Wettskandal im Fußball: Wettanbieter locken mit Quoten.

Wettanbieter locken mit Quoten.

(Foto: AP)

Laut von Cramon ist Blatter selbst ein Teil des Problems. "Zwar spricht Sepp Blatter davon, im Kampf gegen Matchmanipulation helfen zu wollen, doch lässt er seinen Worten keine Taten folgen", sagte die Politikerin: "Notwendige Sanktionierungen gegen Verbände, die Spielmanipulatoren tolerieren, blieben bislang aus."

Nach Ansicht der Grünen seht der Weltverband vor einem existenziellen Problem. "Die FIFA muss den Kampf gegen Korruption und Sportwettenbetrug intensivieren, damit sie nicht jegliche Autorität verliert", sagte von Cramon. Für die Sportpolitikerin ist klar, dass die Ursache des Problems "auch in der oberflächlichen Auseinandersetzung der Führung des Fußballweltverbands mit dem Thema" liegt: "Aus unserer Sicht ist klar, dass es sich hier nicht nur um manipulierte Spiele handelt, sondern ebenso um skrupellose Verantwortliche."

Prävention als Werkzeug

Der Direktor des privaten Wettanbieters bwin, Jörg Wecker, sieht die Schuld im neuen Glücksspielstaatsvertrag, der die Wetter in den Schwarzmarkt treibe. "Die Zahl der Sportwettenlizenzen soll auf 20 begrenzt werden und für die lizenzierten Online-Anbieter gibt es weitreichende Einschränkungen. Damit sind ihre Angebote nicht mehr wettbewerbsfähig gegenüber Schwarzmarktanbietern. Viele Kunden werden sich daher den vermeintlich attraktiveren Schwarzmarktangeboten zuwenden", sagte Wacker dem Handelsblatt: "Wenn eine Betrugsprävention Erfolg haben soll, müssen so viele Spieler wie möglich hin zu den staatlich überwachten Anbietern kanalisiert werden. Das leistet der neue Staatsvertrag nicht, damit fördert er weiterhin den Schwarzmarkt."

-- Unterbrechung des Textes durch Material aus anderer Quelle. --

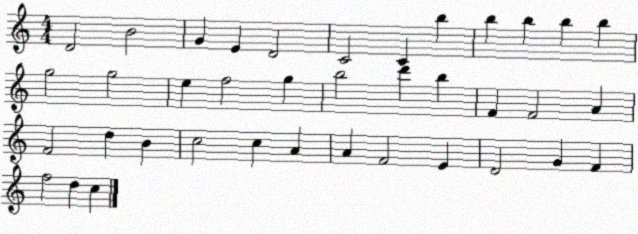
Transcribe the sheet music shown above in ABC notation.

X:1
T:Untitled
M:4/4
L:1/4
K:C
D2 B2 G E D2 C2 C b b b b b g2 g2 e f2 g b2 d' b F F2 A F2 d B c2 c A A F2 E D2 G F f2 d c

Wie Europol hat auch Wacker vor allem Asien im Visier. "Das Hauptproblem bei Wettmanipulationen ist der nicht kontrollierbare Schwarzmarkt in Asien", äußerte Wacker. Dort würde auch kein Warnsystem funktionieren, weil sich die Wettanbieter nicht kontrollieren lassen und die Wetten zumeist mit Bargeld platziert werden.

Die europäische Polizeibehörde Europol hat am Montag bekanntgegeben, dass es zwischen 2008 und 2011 insgesamt 380 manipulierte Spiele in Europa gegeben haben soll. In rund 300 weiteren verdächtigen Partien, die zumeist außerhalb Europas stattgefunden haben, laufen derzeit Ermittlungen. Insgesamt sollen 425 Spieler, Schiedsrichter, Funktionäre und Kriminelle involviert gewesen sein.

Das kriminelle Netzwerk soll laut Europol von Singapur aus gesteuert werden. Die Korruptions-Expertin Sylvia Schenk, Vorstandsmitglied von Transparency International Deutschland, sieht den deutschen Profifußball allerdings nur bedingt gefährdet.

"Wo Spieler sehr gut bezahlt werden, ist es sehr viel schwieriger sie zu bestechen, als dort, wo Spieler - gerade in osteuropäischen Ländern - sehr schlecht oder manchmal gar nicht bezahlt werden, weil der Verein das Geld nicht hat. Und insofern ist es bei uns eher in den unteren Ligen ein Problem", sagte Schenk HR-Info.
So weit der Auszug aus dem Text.